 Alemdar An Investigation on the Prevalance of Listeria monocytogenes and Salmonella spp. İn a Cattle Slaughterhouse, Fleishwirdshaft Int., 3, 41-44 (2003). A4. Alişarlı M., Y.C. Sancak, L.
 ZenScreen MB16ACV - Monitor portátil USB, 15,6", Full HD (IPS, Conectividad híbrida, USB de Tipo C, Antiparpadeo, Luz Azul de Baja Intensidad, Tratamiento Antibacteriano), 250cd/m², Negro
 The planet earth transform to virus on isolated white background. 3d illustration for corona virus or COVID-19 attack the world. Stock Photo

= = = = =

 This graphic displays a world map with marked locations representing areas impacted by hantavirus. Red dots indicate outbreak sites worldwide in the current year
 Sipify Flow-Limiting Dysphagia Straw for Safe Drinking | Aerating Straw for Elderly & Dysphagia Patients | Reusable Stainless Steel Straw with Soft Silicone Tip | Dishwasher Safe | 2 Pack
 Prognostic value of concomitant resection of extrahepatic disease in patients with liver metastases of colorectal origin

= = = = =

Required work.
Reproduce exactly, and with no other material, the lines between those holding "Alemdar An Investigation" and "The planet earth", inclusive.

Solution to this exercise.
 Alemdar An Investigation on the Prevalance of Listeria monocytogenes and Salmonella spp. İn a Cattle Slaughterhouse, Fleishwirdshaft Int., 3, 41-44 (2003). A4. Alişarlı M., Y.C. Sancak, L.
 ZenScreen MB16ACV - Monitor portátil USB, 15,6", Full HD (IPS, Conectividad híbrida, USB de Tipo C, Antiparpadeo, Luz Azul de Baja Intensidad, Tratamiento Antibacteriano), 250cd/m², Negro
 The planet earth transform to virus on isolated white background. 3d illustration for corona virus or COVID-19 attack the world. Stock Photo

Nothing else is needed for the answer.